Prezydent, który złożył kwiaty pod pomnikiem marszałka Józefa Piłsudskiego w 70. rocznicę jego śmierci, był pytany przez dziennikarzy, czy nieobecność Putina na warszwskim szczycie Rady Europy nie będzie przejawem ochłodzenia stosunków polsko-rosyjskich. Nie doszukujmy się we wszystkim problemów - mówił prezydent.
Jak napisała "Niezawisimaja Gazieta", Putin po raz pierwszy odmówił wzięcia udziału w szczycie organizacji, do której należy Rosja. Według środowego komunikatu rosyjskiego MSZ, na warszawskim szczycie Rady Europy Federację Rosyjską będzie reprezentować minister spraw zagranicznych Siergiej Ławrow.
Według Kwaśniewskiego, nie będzie to jedyna delegacja, której ma przewodniczyć szef dyplomacji.
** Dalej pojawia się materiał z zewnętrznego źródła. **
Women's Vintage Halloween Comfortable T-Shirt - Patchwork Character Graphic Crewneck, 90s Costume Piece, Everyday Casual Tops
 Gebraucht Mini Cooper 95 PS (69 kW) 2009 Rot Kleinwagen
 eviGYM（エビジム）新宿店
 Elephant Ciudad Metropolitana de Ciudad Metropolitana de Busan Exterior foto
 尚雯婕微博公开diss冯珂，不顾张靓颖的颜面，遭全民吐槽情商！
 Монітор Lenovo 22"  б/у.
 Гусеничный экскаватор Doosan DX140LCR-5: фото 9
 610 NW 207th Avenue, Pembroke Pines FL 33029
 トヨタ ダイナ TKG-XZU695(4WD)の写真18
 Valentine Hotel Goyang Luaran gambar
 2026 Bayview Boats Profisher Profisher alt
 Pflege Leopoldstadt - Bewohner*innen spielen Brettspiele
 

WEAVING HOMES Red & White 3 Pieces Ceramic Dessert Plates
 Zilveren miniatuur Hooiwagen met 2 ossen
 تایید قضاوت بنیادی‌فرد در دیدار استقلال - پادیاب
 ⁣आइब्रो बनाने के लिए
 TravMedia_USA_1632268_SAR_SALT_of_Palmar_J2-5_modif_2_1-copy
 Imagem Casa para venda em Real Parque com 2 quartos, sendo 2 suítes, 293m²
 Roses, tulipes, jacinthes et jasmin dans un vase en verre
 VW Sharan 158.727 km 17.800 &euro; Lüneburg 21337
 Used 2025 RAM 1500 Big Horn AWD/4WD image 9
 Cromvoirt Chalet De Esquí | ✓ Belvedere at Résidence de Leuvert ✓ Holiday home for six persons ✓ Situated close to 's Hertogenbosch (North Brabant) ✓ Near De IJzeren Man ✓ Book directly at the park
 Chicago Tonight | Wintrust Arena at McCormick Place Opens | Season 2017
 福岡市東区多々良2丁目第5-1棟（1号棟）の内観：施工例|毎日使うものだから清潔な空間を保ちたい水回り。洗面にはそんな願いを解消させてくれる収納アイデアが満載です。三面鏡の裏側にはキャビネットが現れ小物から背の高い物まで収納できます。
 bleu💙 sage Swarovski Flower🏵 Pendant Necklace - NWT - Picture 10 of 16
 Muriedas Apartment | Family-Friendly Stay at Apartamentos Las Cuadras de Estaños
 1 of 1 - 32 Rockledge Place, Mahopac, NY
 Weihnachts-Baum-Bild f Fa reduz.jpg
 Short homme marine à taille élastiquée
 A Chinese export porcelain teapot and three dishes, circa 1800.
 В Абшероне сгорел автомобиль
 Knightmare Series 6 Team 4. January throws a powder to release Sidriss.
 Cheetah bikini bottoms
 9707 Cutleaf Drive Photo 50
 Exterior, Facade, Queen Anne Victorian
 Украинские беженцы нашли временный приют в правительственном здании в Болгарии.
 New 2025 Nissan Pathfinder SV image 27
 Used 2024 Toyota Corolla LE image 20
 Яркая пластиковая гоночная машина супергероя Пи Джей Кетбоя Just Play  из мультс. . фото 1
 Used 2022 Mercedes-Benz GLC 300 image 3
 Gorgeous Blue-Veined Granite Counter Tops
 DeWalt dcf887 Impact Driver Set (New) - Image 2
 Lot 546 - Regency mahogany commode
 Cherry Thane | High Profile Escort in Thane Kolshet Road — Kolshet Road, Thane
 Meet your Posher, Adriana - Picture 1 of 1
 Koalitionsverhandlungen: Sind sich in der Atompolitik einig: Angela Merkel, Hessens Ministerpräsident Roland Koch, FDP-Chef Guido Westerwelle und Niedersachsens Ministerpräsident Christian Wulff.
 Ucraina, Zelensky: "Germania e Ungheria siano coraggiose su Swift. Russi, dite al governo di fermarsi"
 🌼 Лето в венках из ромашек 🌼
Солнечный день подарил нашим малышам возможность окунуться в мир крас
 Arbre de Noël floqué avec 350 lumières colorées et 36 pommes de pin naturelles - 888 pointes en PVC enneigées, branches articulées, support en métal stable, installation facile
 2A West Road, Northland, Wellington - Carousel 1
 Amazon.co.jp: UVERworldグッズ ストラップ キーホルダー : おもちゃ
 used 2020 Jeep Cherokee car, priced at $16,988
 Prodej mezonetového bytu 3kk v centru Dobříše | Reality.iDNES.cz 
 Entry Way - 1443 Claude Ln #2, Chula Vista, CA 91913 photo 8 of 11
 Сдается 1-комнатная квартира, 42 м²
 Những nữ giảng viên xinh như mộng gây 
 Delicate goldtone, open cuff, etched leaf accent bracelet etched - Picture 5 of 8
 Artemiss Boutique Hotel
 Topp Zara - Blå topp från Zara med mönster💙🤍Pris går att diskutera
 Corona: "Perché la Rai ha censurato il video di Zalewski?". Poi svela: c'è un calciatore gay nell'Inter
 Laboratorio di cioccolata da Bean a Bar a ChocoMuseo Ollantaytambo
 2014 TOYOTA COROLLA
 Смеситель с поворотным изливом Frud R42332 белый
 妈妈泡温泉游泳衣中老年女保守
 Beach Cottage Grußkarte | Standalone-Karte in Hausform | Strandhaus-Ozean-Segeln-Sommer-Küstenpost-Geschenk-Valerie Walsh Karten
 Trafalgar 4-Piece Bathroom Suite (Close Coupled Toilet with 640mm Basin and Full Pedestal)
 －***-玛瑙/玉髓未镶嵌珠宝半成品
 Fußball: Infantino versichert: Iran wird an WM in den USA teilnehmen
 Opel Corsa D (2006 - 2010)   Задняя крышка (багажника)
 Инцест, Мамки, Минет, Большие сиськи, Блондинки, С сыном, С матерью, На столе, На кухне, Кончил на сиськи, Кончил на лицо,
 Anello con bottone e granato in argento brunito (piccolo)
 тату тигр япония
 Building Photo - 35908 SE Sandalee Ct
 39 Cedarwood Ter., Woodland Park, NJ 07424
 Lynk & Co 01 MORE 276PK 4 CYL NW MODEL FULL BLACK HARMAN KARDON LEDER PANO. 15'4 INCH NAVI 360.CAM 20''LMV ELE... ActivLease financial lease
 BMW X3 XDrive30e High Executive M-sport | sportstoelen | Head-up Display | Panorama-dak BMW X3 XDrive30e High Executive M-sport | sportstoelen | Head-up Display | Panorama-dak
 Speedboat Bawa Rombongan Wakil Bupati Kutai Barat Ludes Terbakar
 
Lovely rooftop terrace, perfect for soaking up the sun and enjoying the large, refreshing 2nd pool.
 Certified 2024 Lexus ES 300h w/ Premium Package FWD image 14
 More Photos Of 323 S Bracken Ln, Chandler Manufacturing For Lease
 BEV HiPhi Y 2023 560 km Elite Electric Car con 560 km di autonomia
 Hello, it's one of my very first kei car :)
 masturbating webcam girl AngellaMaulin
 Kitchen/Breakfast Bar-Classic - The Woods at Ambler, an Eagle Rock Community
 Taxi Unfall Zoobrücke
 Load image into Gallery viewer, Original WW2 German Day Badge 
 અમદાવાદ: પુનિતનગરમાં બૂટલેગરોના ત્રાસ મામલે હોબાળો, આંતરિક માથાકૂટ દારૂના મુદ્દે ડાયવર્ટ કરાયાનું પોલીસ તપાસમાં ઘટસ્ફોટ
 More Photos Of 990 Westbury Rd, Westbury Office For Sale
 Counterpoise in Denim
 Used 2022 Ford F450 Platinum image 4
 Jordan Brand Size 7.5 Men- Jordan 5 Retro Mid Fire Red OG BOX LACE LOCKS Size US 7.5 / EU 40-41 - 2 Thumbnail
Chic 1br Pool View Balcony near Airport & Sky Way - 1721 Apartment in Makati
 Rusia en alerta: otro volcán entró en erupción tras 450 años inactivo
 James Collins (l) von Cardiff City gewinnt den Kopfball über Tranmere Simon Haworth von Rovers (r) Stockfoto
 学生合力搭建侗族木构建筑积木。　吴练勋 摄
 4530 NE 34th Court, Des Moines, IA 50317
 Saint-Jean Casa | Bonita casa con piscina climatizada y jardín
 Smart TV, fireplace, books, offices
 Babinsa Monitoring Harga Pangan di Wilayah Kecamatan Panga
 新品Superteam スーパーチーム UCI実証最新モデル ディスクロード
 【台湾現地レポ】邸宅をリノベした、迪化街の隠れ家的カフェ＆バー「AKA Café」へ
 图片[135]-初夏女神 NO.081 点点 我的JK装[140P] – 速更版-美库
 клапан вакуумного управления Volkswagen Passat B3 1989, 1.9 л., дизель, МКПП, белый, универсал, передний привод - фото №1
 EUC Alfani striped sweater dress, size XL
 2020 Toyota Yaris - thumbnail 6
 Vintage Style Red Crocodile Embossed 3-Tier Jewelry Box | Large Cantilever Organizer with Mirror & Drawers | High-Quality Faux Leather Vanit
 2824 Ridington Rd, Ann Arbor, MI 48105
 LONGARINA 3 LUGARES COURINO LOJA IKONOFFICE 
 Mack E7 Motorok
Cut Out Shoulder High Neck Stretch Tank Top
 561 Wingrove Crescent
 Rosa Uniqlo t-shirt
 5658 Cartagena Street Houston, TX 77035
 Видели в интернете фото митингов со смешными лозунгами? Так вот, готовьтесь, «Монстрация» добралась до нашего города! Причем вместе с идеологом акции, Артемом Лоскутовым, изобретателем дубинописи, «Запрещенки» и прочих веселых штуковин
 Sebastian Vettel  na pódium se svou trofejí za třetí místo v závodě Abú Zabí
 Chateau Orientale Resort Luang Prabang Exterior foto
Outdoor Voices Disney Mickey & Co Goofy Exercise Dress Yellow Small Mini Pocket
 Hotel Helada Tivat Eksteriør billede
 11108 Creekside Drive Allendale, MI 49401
Pytany, czy nieobecność prezydenta Putina na szczycie nie jest przejawem ochłodzenia stosunków polsko-rosyjskich, Kwaśniewski powiedział, że owo ochłodzenie odczuwa się "przede wszystkim po zakończeniu kryzysu politycznego na Ukrainie (pomarańczowej rewolucji, która doprowadziła do władzy Wiktora Juszczenkę - PAP)". Jak dodał, w "sprawie ukraińskiej jeszcze długo będzie występować różnica zdań między Polską a Rosją" i trzeba zdawać sobie sprawę z konsekwencji.
Prezydent powiedział, że w sprawie ukraińskiej Polska "stanęła po właściwej stronie - po stronie wartości, uczciwych wyborów i cieszymy się, że takie wybory miały miejsce".
Kwaśniewski podkreślił, że "jeśli to ochłodzenie w relacjach polsko-rosyjskich jest kosztem naszego zaangażowania w rozwiązanie kryzysu ukraińskiego, to twierdzę, że to miało sens". To są koszty - dodał - które powinniśmy przyjąć, nie płakać z tego powodu. Już na pewno nie powinniśmy zachowywać się tak jak w ostatnie dni, kiedy to we wszystkim widzimy problem i jakieś afronty wobec Polski - powiedział. Miejmy poczucie własnej siły i godności - dodał Kwaśniewski.